Dancers know the struggle for balance very well:

Dancer working on balance on an unstable base.
https://www.youtube.com/watch?v=VUg1ExCLmjA
Balance requires strength and control. But I am not talking about exercises on balance boards or landing a triple pirouette. Life as a dance artist requires balance.

For the past 10 months, I have focused mainly on choreographing full-length theater performances. That’s quite a feat on its own. I have grown immensely as a choreographer, director, and performer. Challenging myself to create performances based on concepts, collaborating with artists from various genres outside flamenco, working in alternative spaces, integrating poetry, writing poetry…the list goes on. I have yet to give myself the time to reflect on what I’ve accomplished in the last year; there’s always more to do, more to learn, and more to create. But, and this is a big one, I feel like my dancing has suffered. Yes, I’ve danced pieces that a year ago I lacked the courage, technique, or sophistication to dance. I have focused so much on building theater repertory, I have let my tablao work suffer. Partly due to the fact that there are few gigs in New Mexico, and partly because I have chosen to focus on growing my company, Abprepaso Flamenco. (And getting my MFA in dance too!) Living in Albuquerque grants me many opportunities I did not have in New York. Hustling for rent meant I did not have the mental space, or the physical space, to create new evening length choreographies like I do in New Mexico.

Excerpts from Abrepaso Flamenco’s (Des)Encaracolarse at the National Hispanic Cultural Center.

 

What a gig gives me that a theater show does not: I can try out new steps and if they don’t work out, no on knows, or no one really cares. Gigs keep my “chops” up–nothing like having to dance two improvised solos a night a few nights a week. Flamenco originated in improvised settings, and losing touch with that takes something from your dancing. Dancing pre-set choreographies requires a different skill set than improvising, though each can inform the other. While some flamenco artists solely perform in tablaos and others solely perform in theaters, most artists do both, and I think doing both keeps the full potential of the artist growing and pushing forward. I push myself to create new variations, new steps, just for fun, for musicality, even to surprise the people I work with (since we get used to seeing/hearing “the same old same old” from each other) at gigs. But a theatrical space gives me the space to dig in deep inside myself and make an artistic statement, arrange everything in such a way that I make my statement as clear as possible. I do allow for improvisation in my theater work, particularly in my solos. Being a well rounded flamenco dancer means commanding the space and the movements in a noisy restaurant in New York City or in a quiet theater where all eyes focus on the dancer. To keep up both sides takes balance.

Photo from a gig in NYC.

There’s also a balance between being a student and being a professional. We never stop learning; professionals take classes to keep learning. But to be a flamenco choreographer, to be a flamenco artist, we have to dig into ourselves and what we have to say. Not just repeat what we have learned, but find out what we have to say–tell our stories. I also won’t give up working for other companies as a freelance dancer, as I learn from those experiences as well.

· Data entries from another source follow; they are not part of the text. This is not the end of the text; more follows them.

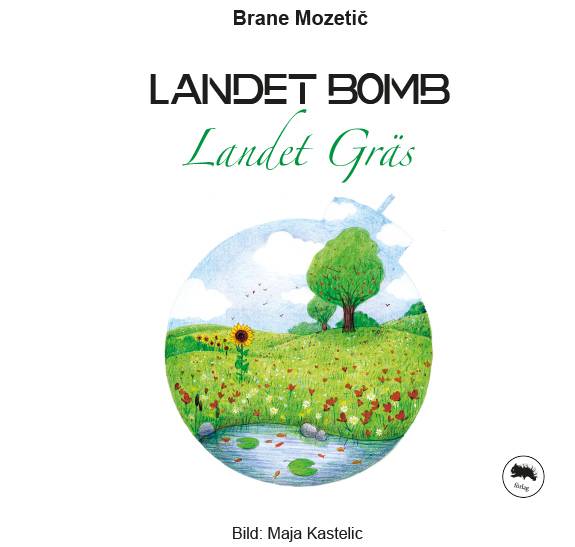 Landet Bomb, landet Gräs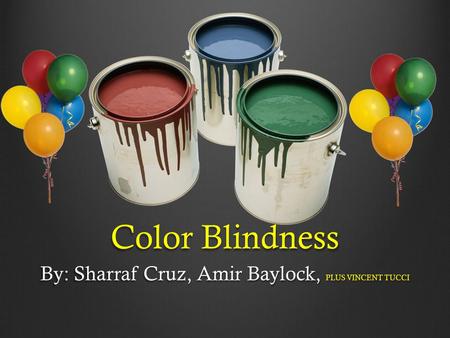 Color Blindness By: Sharraf Cruz, Amir Baylock, PLUS VINCENT TUCCI.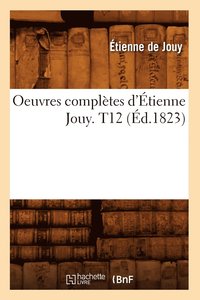 bokomslag Oeuvres Compltes d'tienne Jouy. T12 (d.1823)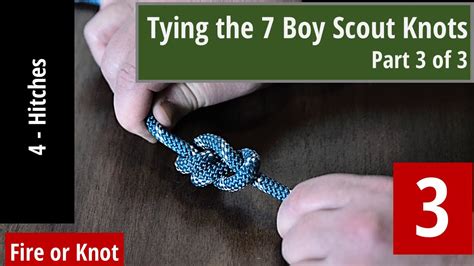 Knot Instruction 7 Boy Scout Knots Series 3 Of 3 Youtube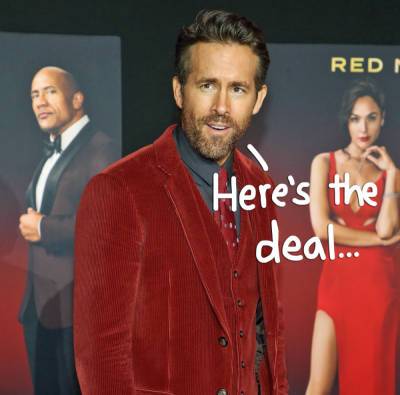 Ryan Reynolds Admits The Super Sweet Reason He’s Taking A Hiatus From Acting! - perezhilton.com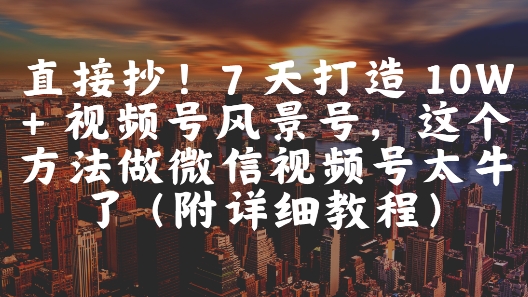 直接抄！7 天打造 10W + 视频号风景号，这个方法做微信视频号太牛了(附详细教程)-稀缺资源库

Many professional dancers make a significant amount of their income from teaching. Learning from having to break steps down, think of new ways to explain steps or music improves my dancing. But if we become so bogged down in teaching classes, often running from one studio or school to another, our dancing can suffer from not enough time to rehearse to not being able to take our own classes.

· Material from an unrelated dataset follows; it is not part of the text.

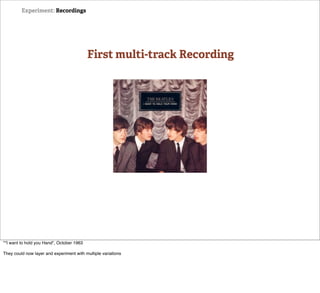 Experiment: Recordings




                                           First multi-track Recording




*"I want to hold you Hand", October 1963

They could now layer and experiment with multiple variations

Place and balance. I have the unique ability to travel frequently as a freelance flamenco dancer. Each city I visit has something new to offer. And I don’t mean just in the flamenco scene. New Mexico has its land and space, clouds and skies, sunsets, open roads, mountains where I love to hike and; New York has museums, good food, dance classes galore, gigs, an energy in the streets like nothing else, interesting characters on the subway; Los Angeles has its traffic, its slowness, the flashiness of Hollywood. I learn something from each city, and flamenco-wise, each city has something to offer as I work with different musicians and people.
Balance can signify a great deal of things; spiritual balance, life/work balance (which is particularly difficult as an artist when you’re passion is work, which is your life, but I will save that for another blog!), health balance, emotional balance–you get the idea.
I mostly wrote about the balance between gigs and theater performances. But as an artist, our creativity has to stay in balance. I know many performers who have a secondary art form or practice–from drawing to yoga to writing. The past few months, writing poetry has been my outlet. My creative practice looks like a web, with poetry connected to reading connected to flamenco connected to yoga connected to eating habits connected to relationships with family/friends–if one delicate strand gets broken, the whole web can fall apart. Balance works as an active awareness.